I’m finally free from the steel grip of university, and all I want to do with my free time is tend to my vegetable garden, watch Masterchef or cook. I also get unnecessarily grumpy if I don’t have tea around.

Did I mention to you that my boyfriend bought me a greenhouse for my birthday last week?

Yeah, see, at my place, I have this possum problem. Those irritating mega-rats keep visiting my backyard at night and eating my vegetables. Now, my thumbs are far from green, and I really need all the help I can get, so you could imagine my pain when I woke up in the morning to yellowing stubs where my lettuce strawberries had been. My fucking sugar snap peas where just starting to flower and those heartless shits scoffed them down without a care in the world. Anyway, the greenhouse is now my saviour, as it acts as a barrier to feral marsupials, and I have now revived my garden, with a new array of vegetable seedlings. Yay.

Anyway, this post is actually about chicken stock. I also received a load of cookbooks for my birthday (joy!) and I’ve always wanted to make my own stocks, as I read somewhere that once you know how to boil and egg, you should learn how to make broth.

On that note, last week I forgot about my boiling eggs while I went for a shower and what not and filled the house with a pungent nutty smell after all the water in the pot evaporated and both eggs exploded.

Roast Chicken Stock
Yields approx. 3.5L

1kg chicken carcass or bony parts (necks, backs, wings, breastbones)
4 chicken feet (optional)
1 head garlic, bashed
5 sticks of celery, roughly chopped
2 medium leeks, roughly chopped
2 medium onions, roughly chopped
2 large carrots, roughly chopped
3 bay leaves
A handful of fresh parsley
2 tbsp apple cider vinegar
1 tbsp whole black peppercorns
4L of cold water

Chuck your chicken bits, vinegar, onion, carrots, celery, leek, garlic and peppercorns into a large pot, and cover with 4L of cold water. Allow to stand and steep for about an hour.

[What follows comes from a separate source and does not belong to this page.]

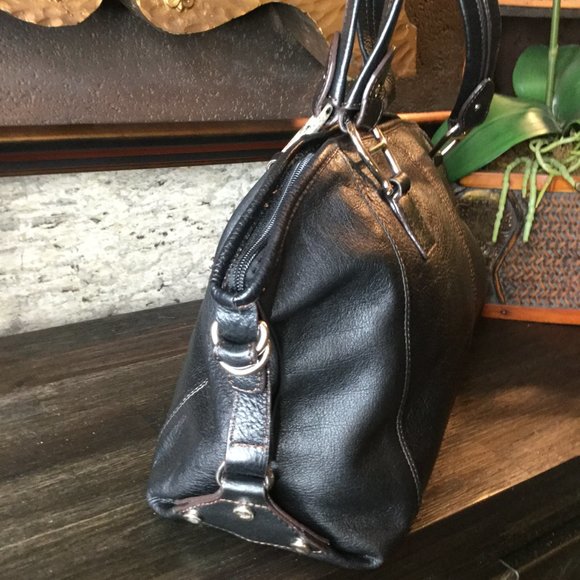 Vintage Etienne Aigner black leather handbangs - Picture 3 of 6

Place pot over a medium heat and bring to the boil, making sure to scoop off any muck that forms on the surface (this is the fat and impurities). Reduce the heat and simmer for 6-8 hours, or until the meat has completely fallen off the bone. The longer you cook it, the better it will be, and the stronger the flavour will taste. Approximately 10 minutes before the stock is ready, add the parsley.

Strain everything through a fine sieve into a storage container, cover up and place in the fridge until the fat rises to the surface and congeals. Congeals is a sexy word right? Connnnngeeeeeeals.

Skim that shit off, and keep your stock in the fridge or freezer. It will last 3-4 days in the fridge, and 2-3 months in the freezer.

This recipe was adapted from Pete Evans, from his book Healthy Everyday.